"A espera sangrenta pelo bom velhinho" (crônica)

25/04/2021 13:36

Niterói, 25 de abril de 2021.

 

A espera sangrenta pelo bom velhinho

 

            Refiro-me a um bom velhinho, da barba branca, que prega a paz, a igualdade e a justiça. Segundo o costume, é preciso aguardar o momento certo para receber um brinquedo. A criança educada, então, acata a ordem, sem bisbilhotar os quatro cantos da casa. A criança educada não precisa fazer vigília nas horas mortas, nem tampouco se extravasar em pirraça. Essa criança é educada, porque o presente lhe é algo certo em sua vida. Por outro lado; aliás, do outro lado da rua, numa casa ou não, pouco importa, as crianças, que não necessariamente são tão crianças assim –, senão quanto ao espírito de confiabilidade que mantêm em relação ao líder, digo: mais velho, –, padecem na ausência que os preenche a cada dia de um vazio variante, em escala progressivamente geométrica.

            Padecer na ausência... Isso é muito triste, quando pensamos na atual circunstância.
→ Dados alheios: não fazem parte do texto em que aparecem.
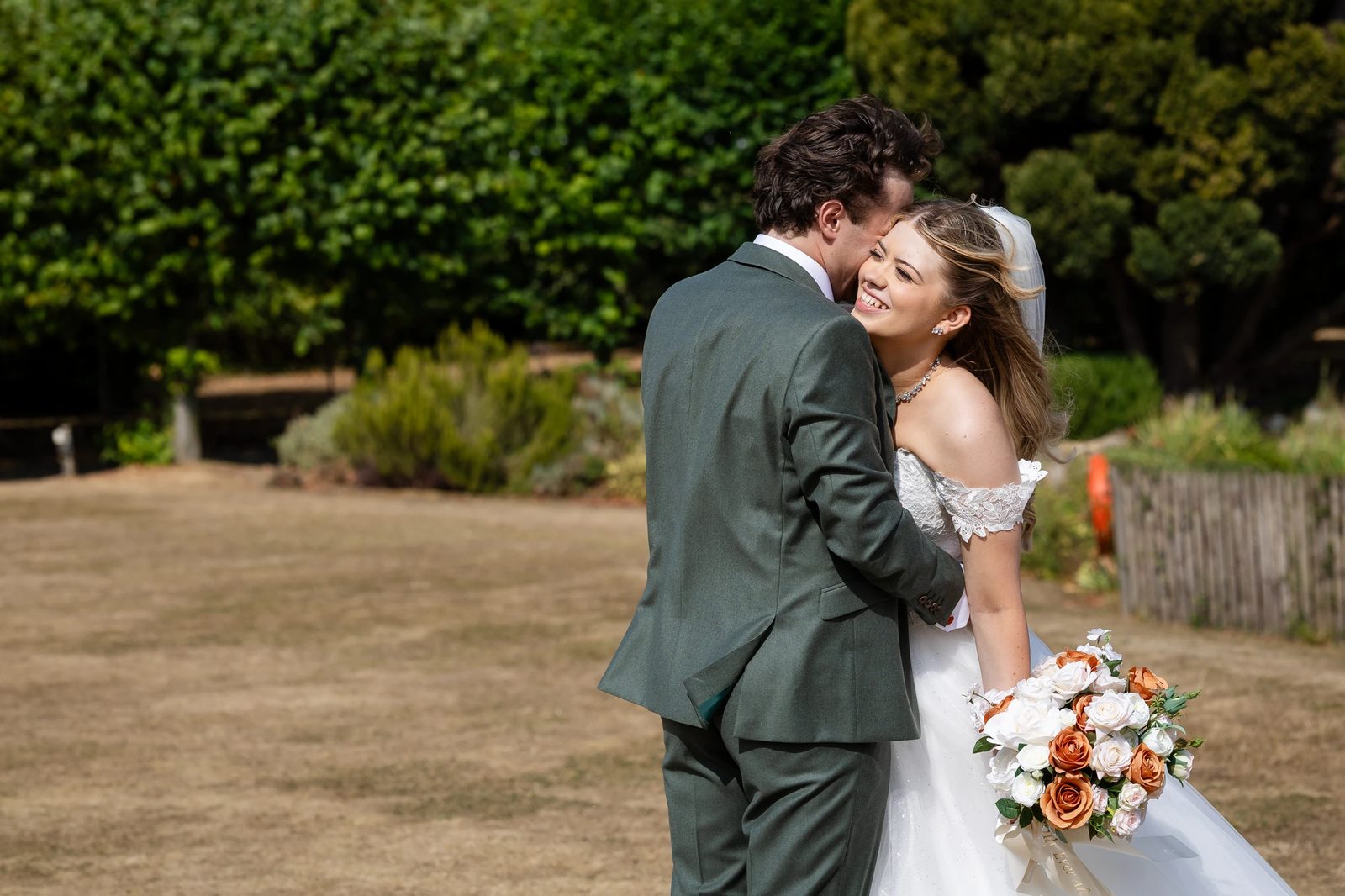 Wedding at Parklands Quendon Hall photographed by Wedding Video Essex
Hoje, de manhã, li, das últimas notícias da noite de ontem –, como eu tenho feito muita questão de fazer diariamente, que é para nunca me esquecer que agora é o momento mais infeliz de toda a história do Brasil! –, que atingimos 67.723 mortos!!! Um número crescente, numa lógica universal, e inversamente proporcional à quantidade de perda da vida humana. É tempo de ausência...

            Já que me referi a números, que fiquemos também cientes quanto aos mais de 57 pedidos de impeachmant; mas, segundo consta, e surpreendentemente, é necessário esperar o momento certo para prosperarmos. Palavras do bom velhinho. Enquanto isso, aguardaríamos como ovelhinhas natalinas bem comportadas, numa espera sangrenta e em câmera lenta do povo, da nossa alma.

            Ah, mas se ao menos fôssemos crianças do tipo levadas, as quais nós sabemos que habitam o nosso íntimo, vasculharíamos os quatro cantos da casa, gritaríamos, faríamos pirraça, barulho e mais as olheiras da(s) noite(s) mal dormida(s). Sangue haveria nessas circunstâncias, é claro; até porque, de qualquer modo, isso já está ocorrendo, só que de forma lenta e profunda. De toda forma, é certo recebermos um presente ao cabo disso tudo. Ah, mas só pondo velocidade e o mínimo de consciência e bom senso é que poderemos constatar por qual velhinho barbudo é digno que sangremos e que presente será esse que nos espera na manhã sagrada.